Polycystic ovary syndrome (PCOS) is a complex disorder having both genetic and environmental components. A number of association studies based on candidate genes have reported significant association, but few have been replicated. D19S884, a polymorphic marker in fibrillin 3 (FBN3), is one of the few association findings that has been replicated in independent sets of families.The aims of the study are: 1) to genotype single nucleotide polymorphisms (SNPs) in the region of D19S884; and 2) to follow up with an independent data set, published results reporting evidence for PCOS candidate gene associations.The transmission disequilibrium test (TDT) was used to analyze linkage and association between PCOS and SNPs in candidate genes previously reported by us and by others as significantly associated with PCOS.The study was conducted at academic medical centers.A total of 453 families having a proband with PCOS participated in the study.
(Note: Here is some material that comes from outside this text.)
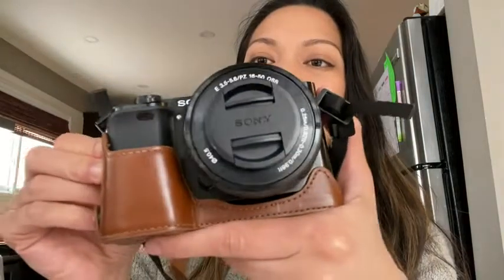Hey everyone, it's Sinead from WTI. Today I wanted to show you the camera case that I've been using on my Sony a6000. This one is made by Mega Gear.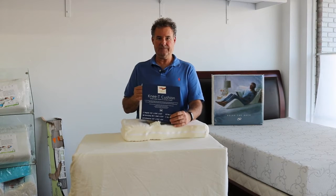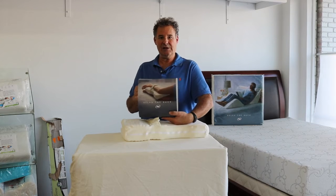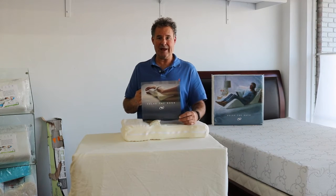Today we're here to talk about the Knee T. This is the retail packaging that you would find for the Knee T in a retail store. This particular one comes from Relax the Back.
Sisters with PCOS were also included. There was a total of 502 probands and sisters with PCOS.There were no interventions.The outcome measure was transmission frequency of SNP alleles.We identified a six-SNP haplotype block spanning a 6.7-kb region on chromosome 19p13.2 that includes D19S884. SNP haplotype allele-C alone and in combination with D19S884-allele 8 is significantly associated with PCOS: haplotype-C TDT chi(2) = 10.0 (P = 0.0016) and haplotype-C/A8 TDT chi(2) = 7.6 (P = 0.006). SNPs in four of the other 26 putative candidate genes that were tested using the TDT were nominally significant (ACVR2A, POMC, FEM1B, and SGTA). One SNP in POMC (rs12473543, chi(2) = 9.1; P(corrected) = 0.042) is significant after correction for multiple testing.A polymorphic variant, D19S884, in FBN3 is associated with risk of PCOS. POMC is also a candidate gene of interest.